A February 2012 study in the Croatian Journal of Food Science and Technology suggests that this could be the result of antioxidants leaching into the liquor from the wooden barrels in which it ages. Still, the antioxidant count is minimal: A serving of brandy contains between 15 and 48 milligrams of antioxidant polyphenols while a serving of black or green tea clocks in at 225 milligrams.

The Bottom Line: “The harm from alcohol consumption outweighs the benefits of ingesting any antioxidants that alcohol may contain,” says Popeck.

Does black alcohol contain more allergens?

You might be more likely to have an allergic reaction to brown bevvies. “Clear liquors are more filtered, which could help reduce allergenic substances,” says Popeck. “In addition, some people may be sensitive to the food coloring in black alcohol.”

Symptoms of alcohol allergies include nausea or cramping, rash, itching and swelling after drinking, according to Cleveland Clinic. Keeping a food diary listing what you drink and how you feel afterward can help you piece together whether or not you have a sensitivity.

Good to know: Drinks made with premium spirits also tend to be more distilled than well-distilled drinks, and as a result, they may contain fewer allergens and congeners.
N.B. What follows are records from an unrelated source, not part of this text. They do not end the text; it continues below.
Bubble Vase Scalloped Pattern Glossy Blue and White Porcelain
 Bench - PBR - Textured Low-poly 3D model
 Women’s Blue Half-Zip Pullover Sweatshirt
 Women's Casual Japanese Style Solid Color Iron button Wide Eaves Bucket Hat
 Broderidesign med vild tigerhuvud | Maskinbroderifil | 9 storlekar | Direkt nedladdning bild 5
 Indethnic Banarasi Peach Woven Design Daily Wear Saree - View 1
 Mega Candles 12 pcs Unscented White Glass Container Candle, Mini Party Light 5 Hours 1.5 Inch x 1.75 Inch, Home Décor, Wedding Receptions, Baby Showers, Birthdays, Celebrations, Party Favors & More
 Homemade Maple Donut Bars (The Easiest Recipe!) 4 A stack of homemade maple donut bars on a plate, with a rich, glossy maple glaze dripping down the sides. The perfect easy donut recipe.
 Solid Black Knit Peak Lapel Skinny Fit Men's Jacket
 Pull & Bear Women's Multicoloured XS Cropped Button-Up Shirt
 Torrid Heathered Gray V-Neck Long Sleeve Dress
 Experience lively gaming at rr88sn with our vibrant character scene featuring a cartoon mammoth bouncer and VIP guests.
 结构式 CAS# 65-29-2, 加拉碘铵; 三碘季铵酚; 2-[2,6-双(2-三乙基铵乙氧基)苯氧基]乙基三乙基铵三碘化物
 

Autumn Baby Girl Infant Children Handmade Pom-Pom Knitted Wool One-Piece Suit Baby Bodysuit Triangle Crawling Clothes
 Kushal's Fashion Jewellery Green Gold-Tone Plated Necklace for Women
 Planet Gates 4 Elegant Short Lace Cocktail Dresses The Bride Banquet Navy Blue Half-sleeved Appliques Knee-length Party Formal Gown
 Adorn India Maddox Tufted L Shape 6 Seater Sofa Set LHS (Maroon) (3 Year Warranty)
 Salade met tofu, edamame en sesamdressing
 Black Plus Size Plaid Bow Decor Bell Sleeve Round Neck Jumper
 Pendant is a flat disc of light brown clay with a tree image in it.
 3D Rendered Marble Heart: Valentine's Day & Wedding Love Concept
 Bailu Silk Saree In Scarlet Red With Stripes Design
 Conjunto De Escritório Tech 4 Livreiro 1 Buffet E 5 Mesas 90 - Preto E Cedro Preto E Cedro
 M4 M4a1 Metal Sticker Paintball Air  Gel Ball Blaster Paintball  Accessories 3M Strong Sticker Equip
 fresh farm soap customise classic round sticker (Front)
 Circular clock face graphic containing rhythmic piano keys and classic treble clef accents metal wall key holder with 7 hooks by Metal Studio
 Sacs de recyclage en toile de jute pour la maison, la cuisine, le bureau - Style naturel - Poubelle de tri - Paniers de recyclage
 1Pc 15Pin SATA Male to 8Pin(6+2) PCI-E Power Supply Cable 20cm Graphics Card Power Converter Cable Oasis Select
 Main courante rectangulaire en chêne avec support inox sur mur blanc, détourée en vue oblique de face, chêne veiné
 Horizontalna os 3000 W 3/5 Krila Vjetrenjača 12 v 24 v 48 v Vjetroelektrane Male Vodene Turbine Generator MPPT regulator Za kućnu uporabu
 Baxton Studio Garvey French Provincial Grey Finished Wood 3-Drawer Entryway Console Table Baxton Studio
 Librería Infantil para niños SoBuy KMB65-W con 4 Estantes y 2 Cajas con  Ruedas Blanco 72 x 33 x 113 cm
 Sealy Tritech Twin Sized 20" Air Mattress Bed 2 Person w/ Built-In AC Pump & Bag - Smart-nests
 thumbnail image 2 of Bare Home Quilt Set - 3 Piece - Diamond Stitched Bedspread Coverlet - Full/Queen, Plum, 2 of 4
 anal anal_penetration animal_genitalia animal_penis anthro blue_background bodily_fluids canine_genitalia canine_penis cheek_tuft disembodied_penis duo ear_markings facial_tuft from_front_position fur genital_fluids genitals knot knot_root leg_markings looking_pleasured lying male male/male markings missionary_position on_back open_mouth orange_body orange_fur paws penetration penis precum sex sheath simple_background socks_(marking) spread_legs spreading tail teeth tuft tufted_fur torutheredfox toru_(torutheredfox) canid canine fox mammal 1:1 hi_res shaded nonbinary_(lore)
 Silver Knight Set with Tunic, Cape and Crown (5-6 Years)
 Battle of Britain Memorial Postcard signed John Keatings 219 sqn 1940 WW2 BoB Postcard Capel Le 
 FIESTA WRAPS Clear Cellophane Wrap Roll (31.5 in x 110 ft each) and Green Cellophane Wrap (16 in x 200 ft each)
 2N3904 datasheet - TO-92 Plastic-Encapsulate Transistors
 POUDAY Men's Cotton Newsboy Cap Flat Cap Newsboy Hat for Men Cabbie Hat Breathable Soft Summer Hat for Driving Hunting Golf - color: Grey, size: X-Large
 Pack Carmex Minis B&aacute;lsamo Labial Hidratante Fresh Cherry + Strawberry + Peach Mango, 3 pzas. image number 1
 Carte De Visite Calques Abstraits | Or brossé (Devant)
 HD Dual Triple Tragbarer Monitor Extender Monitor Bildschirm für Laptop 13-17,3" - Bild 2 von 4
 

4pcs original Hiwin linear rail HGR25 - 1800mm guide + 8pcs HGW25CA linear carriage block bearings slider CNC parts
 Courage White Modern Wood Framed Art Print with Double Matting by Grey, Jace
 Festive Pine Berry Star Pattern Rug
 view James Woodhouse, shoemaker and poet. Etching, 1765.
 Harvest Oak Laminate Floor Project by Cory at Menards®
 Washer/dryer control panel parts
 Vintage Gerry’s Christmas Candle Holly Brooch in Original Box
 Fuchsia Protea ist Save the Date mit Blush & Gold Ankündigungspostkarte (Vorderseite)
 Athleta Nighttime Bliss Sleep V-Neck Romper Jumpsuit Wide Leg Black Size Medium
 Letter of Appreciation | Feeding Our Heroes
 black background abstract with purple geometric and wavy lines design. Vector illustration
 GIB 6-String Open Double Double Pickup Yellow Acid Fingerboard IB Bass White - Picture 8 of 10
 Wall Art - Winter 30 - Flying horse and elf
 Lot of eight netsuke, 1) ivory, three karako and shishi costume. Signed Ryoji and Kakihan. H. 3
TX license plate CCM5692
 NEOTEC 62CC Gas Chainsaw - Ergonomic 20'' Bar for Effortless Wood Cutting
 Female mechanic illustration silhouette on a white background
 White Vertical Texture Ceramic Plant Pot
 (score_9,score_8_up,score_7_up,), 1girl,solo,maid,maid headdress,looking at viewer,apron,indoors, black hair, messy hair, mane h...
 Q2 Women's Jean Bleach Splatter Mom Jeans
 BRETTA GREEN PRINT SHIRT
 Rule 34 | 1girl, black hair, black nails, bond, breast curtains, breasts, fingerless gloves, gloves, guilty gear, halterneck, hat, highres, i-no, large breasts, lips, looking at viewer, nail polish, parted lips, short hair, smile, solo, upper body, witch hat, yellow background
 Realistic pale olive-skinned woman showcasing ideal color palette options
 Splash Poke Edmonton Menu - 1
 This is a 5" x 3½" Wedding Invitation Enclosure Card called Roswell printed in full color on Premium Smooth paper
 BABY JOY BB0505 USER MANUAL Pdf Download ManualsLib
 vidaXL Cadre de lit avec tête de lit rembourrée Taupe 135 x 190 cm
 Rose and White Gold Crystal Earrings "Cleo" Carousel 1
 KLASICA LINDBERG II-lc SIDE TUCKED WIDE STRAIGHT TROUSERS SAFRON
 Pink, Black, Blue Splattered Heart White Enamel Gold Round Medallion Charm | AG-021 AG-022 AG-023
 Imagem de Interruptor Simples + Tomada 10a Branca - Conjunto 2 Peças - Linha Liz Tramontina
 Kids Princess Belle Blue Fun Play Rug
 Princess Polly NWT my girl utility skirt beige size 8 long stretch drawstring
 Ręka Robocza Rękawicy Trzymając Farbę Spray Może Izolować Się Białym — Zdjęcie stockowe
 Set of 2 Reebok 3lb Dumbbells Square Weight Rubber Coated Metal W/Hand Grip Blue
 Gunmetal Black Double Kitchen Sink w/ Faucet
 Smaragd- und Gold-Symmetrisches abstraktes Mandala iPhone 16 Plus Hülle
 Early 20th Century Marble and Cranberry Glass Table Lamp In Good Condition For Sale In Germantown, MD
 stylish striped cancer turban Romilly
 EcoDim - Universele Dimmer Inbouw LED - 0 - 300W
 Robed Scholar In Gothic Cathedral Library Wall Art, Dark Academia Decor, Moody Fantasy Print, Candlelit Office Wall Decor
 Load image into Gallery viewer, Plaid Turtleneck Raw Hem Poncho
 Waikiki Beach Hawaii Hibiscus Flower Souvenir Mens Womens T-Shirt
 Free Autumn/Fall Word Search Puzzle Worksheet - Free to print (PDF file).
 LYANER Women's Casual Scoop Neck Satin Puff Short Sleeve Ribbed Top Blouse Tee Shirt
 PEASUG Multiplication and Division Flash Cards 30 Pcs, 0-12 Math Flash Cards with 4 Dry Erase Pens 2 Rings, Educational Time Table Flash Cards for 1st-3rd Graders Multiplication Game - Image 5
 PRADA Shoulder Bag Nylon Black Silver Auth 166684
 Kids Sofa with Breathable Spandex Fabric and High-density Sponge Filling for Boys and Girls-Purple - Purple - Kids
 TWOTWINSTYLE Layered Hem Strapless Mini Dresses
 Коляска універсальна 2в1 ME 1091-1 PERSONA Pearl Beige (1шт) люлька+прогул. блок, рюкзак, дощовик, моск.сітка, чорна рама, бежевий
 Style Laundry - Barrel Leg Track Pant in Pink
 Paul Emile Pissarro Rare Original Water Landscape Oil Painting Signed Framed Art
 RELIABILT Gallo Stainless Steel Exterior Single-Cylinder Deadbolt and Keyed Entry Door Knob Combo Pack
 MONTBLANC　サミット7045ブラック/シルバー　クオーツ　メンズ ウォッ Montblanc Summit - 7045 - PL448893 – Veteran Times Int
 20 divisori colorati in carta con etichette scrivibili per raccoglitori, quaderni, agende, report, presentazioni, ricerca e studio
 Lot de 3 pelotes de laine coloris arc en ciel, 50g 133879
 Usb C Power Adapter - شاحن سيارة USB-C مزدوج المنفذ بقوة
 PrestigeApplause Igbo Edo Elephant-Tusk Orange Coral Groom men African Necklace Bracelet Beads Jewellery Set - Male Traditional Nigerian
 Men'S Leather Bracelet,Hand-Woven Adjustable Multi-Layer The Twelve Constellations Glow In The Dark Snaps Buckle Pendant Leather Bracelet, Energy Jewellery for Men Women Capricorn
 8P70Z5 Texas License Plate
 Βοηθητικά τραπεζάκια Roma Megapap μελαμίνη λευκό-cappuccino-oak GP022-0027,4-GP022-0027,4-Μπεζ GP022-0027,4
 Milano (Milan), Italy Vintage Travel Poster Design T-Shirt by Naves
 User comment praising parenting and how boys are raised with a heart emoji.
What contributes to a hangover?

While conspecifics may play a role in hangover symptoms, the main determinant of whether or not you’ll feel like hell in the morning is how much you drink.

The longer you push back, the more likely you are to have a hangover. According to NIAAA.

“If you drink on an empty stomach, alcohol reaches your bloodstream faster than if you drink it with food, which can give you more of a hangover,” says Popeck.

The rate at which you drink is also important. Sipping more slowly (aim for a maximum of one drink per hour) — and drinking a glass of water after each cocktail — can help prevent a hangover.

So, is drinking dark alcohol really that bad for you?

“In my opinion, as long as you drink in moderation, it’s not that bad,” says Popeck. “A glass of black liquor won’t have a major effect, as long as you take it with food and stay hydrated by drinking water.”

But drinking more than the recommended daily amount of alcohol (maximum two drinks per day for males at birth; one drink per day for females at birth) is detrimental to your health, no matter what color your drink is.